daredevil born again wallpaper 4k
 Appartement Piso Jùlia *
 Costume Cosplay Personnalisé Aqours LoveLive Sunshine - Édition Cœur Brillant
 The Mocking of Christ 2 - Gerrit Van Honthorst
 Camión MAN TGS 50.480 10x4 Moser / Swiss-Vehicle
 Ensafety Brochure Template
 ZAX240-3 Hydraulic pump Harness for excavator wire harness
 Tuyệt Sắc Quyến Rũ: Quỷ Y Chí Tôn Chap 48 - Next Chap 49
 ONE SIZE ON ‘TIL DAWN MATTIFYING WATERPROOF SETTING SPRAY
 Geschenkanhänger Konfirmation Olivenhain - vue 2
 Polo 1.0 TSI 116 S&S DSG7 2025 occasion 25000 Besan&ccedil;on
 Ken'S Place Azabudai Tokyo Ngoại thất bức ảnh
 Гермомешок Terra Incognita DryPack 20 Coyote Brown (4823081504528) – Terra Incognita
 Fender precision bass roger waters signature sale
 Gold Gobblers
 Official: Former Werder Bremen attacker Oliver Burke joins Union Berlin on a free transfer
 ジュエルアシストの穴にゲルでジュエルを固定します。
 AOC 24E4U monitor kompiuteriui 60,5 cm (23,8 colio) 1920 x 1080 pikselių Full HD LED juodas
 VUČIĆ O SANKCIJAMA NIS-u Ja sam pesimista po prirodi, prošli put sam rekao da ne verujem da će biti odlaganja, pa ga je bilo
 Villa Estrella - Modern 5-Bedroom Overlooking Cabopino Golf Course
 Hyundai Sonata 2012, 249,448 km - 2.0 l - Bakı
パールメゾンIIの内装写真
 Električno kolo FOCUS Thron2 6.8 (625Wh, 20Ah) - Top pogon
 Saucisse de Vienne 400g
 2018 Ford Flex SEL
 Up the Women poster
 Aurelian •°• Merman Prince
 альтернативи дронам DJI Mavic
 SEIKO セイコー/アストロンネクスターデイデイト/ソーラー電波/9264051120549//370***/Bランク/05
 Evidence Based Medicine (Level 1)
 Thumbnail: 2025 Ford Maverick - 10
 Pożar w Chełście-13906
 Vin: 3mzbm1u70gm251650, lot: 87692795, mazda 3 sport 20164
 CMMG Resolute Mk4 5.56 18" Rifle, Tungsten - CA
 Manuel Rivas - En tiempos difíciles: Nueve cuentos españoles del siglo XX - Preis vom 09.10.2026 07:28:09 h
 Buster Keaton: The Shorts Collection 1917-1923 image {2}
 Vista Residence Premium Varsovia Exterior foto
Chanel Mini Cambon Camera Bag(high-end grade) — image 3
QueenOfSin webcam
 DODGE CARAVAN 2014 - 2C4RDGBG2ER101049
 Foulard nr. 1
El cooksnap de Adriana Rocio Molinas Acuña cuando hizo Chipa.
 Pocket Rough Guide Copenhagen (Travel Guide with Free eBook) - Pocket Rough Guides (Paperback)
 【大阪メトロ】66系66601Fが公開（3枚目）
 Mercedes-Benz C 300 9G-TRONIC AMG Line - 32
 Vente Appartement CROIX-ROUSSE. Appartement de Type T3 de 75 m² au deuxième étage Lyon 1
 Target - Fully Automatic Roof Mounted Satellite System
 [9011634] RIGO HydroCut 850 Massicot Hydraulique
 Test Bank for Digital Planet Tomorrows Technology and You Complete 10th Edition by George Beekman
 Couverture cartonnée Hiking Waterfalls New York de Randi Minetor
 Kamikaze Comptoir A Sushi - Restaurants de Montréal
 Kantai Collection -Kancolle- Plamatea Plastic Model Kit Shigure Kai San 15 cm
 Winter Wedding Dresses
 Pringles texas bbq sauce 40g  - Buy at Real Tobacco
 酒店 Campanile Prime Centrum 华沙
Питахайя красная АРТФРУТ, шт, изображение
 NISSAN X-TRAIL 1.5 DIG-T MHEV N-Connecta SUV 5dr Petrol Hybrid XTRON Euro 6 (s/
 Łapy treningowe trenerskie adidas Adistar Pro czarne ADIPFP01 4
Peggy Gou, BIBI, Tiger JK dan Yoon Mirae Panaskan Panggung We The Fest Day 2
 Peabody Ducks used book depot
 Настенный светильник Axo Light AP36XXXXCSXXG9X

# # #

PROBLEM TO WORK ON | Reproduce word for word the material above, starting with the line that has "VUČIĆ O SANKCIJAMA" and stopping after the line that has "パールメゾンIIの内装写真".

WRITTEN SOLUTION |
 VUČIĆ O SANKCIJAMA NIS-u Ja sam pesimista po prirodi, prošli put sam rekao da ne verujem da će biti odlaganja, pa ga je bilo
 Villa Estrella - Modern 5-Bedroom Overlooking Cabopino Golf Course
 Hyundai Sonata 2012, 249,448 km - 2.0 l - Bakı
パールメゾンIIの内装写真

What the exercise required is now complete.